My sweet Daddy loved country music, and every Saturday night as I was growing up, we watched the Grand Ole Opry on television. I literally cut my teeth while listening to the music of the greats of country music ... Dolly Parton, Porter Wagoner, Charley Pride, Loretta Lynn, Tennessee Ernie Ford, and Daddy's all-time favorite ... Johnny Cash. I can close my eyes even now and picture my dad singing along to the man in black's gravelly rendition of "Daddy Sang Bass," "Ring of Fire" or "Folsum Prison Blues." I also remember what Daddy would say every time he heard Johnny Cash sing his famous song "I Walk the Line" ... "Now there's a man who understands what it means to walk the line ... a man who appreciates a second chance in life."
Last weekend, I watched the movie "Walk the Line," which chronicled some of the toughest years of Johnny Cash's life. Each time I watch the movie, two things always strike me ... just how out of control Mr. Cash's personal life became, and how much he had to guard himself against falling into those former destructive patterns once he was rescued and changed. He wasn't a perfect man for the remainder of his life, but by all accounts, he was a grateful man for the rest of his life.
I've been thinking a lot lately about walking the line ... of what it truly means to live a life that is worthy of the calling that God has placed upon me, upon each of us who claim the name of Jesus Christ as our Savior and Lord. How is that line defined? Is the line the same for all believers? Who decides where that line resides? What does God desire from me in walking the line? Should others be allowed to determine my line or judge me if my line is different from theirs? When do I step up and speak out about my attempt to walk my own line, and when do I keep silent? So many ... so very many ... questions are swirling around in my mind about the line ... finding the line, discerning the line, walking the line.
The more I've pondered the whole dilemma of walking the line ... of not crossing the line in my thoughts, words or deeds ... the more it makes me search my heart and soul in the hope of finding what is pleasing to God, finding how He desires me to live, finding the true meaning of being in the world but not of the world. Again ... so very many questions concerning this line walking part of who God calls me to be.

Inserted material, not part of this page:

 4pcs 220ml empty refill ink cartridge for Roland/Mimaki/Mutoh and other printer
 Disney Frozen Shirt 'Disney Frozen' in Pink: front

Maybe that's just another piece of the puzzle that dictates where I currently am on my journey ... maybe that's part of why my tent is pitched in this desert ... maybe it's God's way of showing me who He desires me to be, teaching me where to plant my feet, drawing His line in the sand of my life.
Teach me to walk the line, Lord, for all the right reasons ... because I'm yours, and because You're mine ... teach me to walk the line.
1 comment:
seriously tho't this was one of the BEST PIECES OF BLOG-WRITING I'VE EVER, EVER READ!!! :)
insightful, wise, heartfelt. you stuck the landing on this one sister! :)
i couldn't help but think as i read thru this, that oftentimes when we are called to concentrate on finding, discerning and walking our own line...we suddenly become much more disinterested in pointing this out to others. meaning, when you are focused on that direct connection between yourself and christ, you are much less likely to glance my direction and point out to me that i am not walking my line. savvy?
and why is that? because those lines are personal. personal lines of communication between us and the one who made us. :) paying too close of attention to someone else's line probably means said person is not paying nearly close enough attention to his or her own interpersonal line.
THIS ONE MIGHT JUST BE MY NEW FAVE POST EVER.